Conglomerados de luxo se unem para lançar cláusula de defesa e direitos a modelos

Desfile Balenciaga de outono/inverno 15/16 || Créditos: Pascal Le Segretain/Getty Images

Um novo capítulo está prestes a se iniciar na moda. Os conglomerados de luxo LVMH e Kering, que juntos controlam as maiores marcas de luxo do mundo, acabam de anunciar em comunicado oficial que unirão forças para criar uma carta de proteção ao bem-estar dos modelos. A tal cláusula corporativa vai ser aplicada a todas as marcas de ambos os grupos e passa a valer a partir da temporada de primavera/verão 2018, que começa nesta quarta-feira em Nova York. “Respeitar a dignidade de todos os homens e mulheres está no coração dos valores de ambos os grupos. Sempre cuidando do bem-estar dos modelos, a LVMH e a Kering sentem que têm uma responsabilidade específica como líderes da indústria para dar um passo adiante com suas marcas”, diz o comunicado assinado pelos dois.

Entre os pontos debatidos na carta corporativa estão:

  • Todas as marcas devem trabalhar apenas com modelos que obtenham um certificado médico válido, atestando boa saúde e capacidade de trabalho, e que tenha sido feito em no máximo seis meses antes do desfile.
  • Modelos devem apresentar queixa direta à marca caso haja qualquer problema com uma agência de modelo, diretor de casting ou problema com a própria marca.
  • Marcas devem providenciar transporte de modelos para retornar às suas casas quando o trabalho ultrapassar o horário das 20h.
  • Marcas devem fornecer a modelos acesso a alimentos e bebidas que cumpram os requisitos alimentares, assim como informações úteis para manter uma dieta saudável ao longo do dia útil.
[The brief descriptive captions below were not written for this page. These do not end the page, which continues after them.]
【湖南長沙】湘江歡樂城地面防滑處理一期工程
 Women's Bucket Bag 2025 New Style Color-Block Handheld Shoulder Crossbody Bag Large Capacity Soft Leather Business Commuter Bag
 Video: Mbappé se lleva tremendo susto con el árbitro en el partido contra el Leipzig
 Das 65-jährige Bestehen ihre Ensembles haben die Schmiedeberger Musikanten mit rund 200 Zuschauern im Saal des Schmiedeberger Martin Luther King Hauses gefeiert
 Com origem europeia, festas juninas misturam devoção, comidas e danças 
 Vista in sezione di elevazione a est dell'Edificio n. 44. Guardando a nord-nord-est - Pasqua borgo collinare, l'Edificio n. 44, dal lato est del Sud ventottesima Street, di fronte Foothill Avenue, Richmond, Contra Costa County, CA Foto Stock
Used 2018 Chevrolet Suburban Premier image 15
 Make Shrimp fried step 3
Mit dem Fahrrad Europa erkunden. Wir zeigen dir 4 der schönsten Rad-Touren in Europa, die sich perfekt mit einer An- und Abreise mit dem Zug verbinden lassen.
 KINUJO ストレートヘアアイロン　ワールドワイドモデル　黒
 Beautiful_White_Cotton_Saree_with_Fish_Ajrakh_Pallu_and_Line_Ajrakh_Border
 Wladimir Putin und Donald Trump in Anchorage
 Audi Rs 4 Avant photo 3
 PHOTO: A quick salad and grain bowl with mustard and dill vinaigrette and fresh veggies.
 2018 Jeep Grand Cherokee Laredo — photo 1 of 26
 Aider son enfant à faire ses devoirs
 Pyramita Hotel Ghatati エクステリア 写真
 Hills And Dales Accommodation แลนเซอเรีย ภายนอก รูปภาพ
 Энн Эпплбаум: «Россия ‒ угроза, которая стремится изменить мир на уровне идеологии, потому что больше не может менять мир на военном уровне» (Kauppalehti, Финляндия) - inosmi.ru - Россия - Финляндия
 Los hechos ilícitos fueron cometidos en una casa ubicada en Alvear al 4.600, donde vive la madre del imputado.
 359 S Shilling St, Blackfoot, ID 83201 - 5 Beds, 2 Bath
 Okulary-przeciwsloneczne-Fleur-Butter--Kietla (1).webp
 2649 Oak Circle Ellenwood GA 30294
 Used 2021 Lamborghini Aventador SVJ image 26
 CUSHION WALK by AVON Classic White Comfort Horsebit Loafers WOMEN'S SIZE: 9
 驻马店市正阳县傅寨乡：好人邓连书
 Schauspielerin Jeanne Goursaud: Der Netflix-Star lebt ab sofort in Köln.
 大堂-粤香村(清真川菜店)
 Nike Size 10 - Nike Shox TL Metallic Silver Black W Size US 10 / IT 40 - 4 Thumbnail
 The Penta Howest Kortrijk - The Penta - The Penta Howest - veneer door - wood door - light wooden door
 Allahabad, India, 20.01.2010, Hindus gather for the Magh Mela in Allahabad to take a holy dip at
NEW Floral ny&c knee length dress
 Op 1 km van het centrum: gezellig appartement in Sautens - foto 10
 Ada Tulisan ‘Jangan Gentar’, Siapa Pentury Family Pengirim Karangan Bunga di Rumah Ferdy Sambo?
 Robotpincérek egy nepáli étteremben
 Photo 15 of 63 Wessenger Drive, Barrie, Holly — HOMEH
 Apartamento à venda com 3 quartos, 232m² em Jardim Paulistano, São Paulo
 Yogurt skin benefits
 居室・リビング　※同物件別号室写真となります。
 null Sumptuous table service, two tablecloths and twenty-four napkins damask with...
A notícia vem à tona depois de acusação de maus tratos ocorrida em casting da Balenciaga, que pertence à Kering, durante o primeiro semestre deste ano, que provocaram debate mobilizando nomes importantes da moda em prol de maior respeito e  proteção aos modelos. Na ocasião, a Balenciaga respondeu imediatamente às acusações, declarando que “tomou conhecimento dos problemas tidos com o casting de modelos naquele dia”. E disse que “reagiu imediatamente, fazendo mudanças radicais no processo do casting, incluindo interrupção de relações com a agência do casting em questão.”

Vale lembrar, que entrou em vigor na França em maio deste ano uma lei que proíbe magreza excessiva nas passarelas. Enfim, novos tempos!